At the same time, we have solutions in hand today, and we should move more rapidly to deploy them. Around the world, affordable clean energy technologies – from solar panels to wind turbines to microgrids and more – are providing families, businesses, and communities with the energy they need to thrive. The more we expand the use of these technologies, the more our economies and environment will benefit.

The reason for action is simple and urgent: We are already feeling the effects of worsening climate change around the world.

Women and girls are bearing the brunt: They are more likely to live in poverty and make their living through subsistence farming – making them vulnerable to drought, heat waves, and extreme weather events that threaten food production, their livelihoods, and the security of their families.

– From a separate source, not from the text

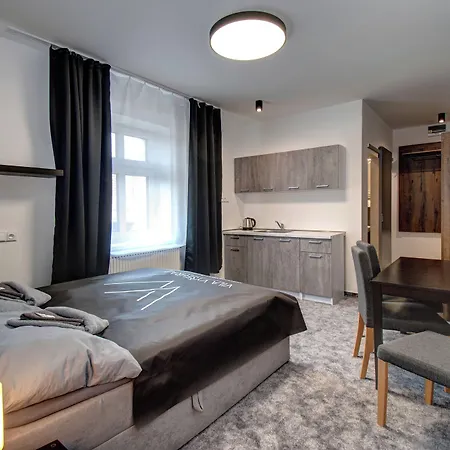 Vysehrad Casa de hóspedes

For the communities that are hardest-hit, we need to help them adapt and become more resilient.

The response to climate change must involve everybody and every sector. Clean energy technologies, both the ones we have today and the ones that will be invented tomorrow, are key to solving our climate crisis, and governments can help catalyze greater private-sector investment. As Bill Gates and the new Coalition show, the new clean energy future is also an opportunity to improve our economies, as well as the health of the planet and its people.

The UN climate change conference is an important moment for everyone – whether you’re a head of state, a CEO, or a citizen – to get involved in solving the challenge of climate change. Together, we can make a clean energy future a reality.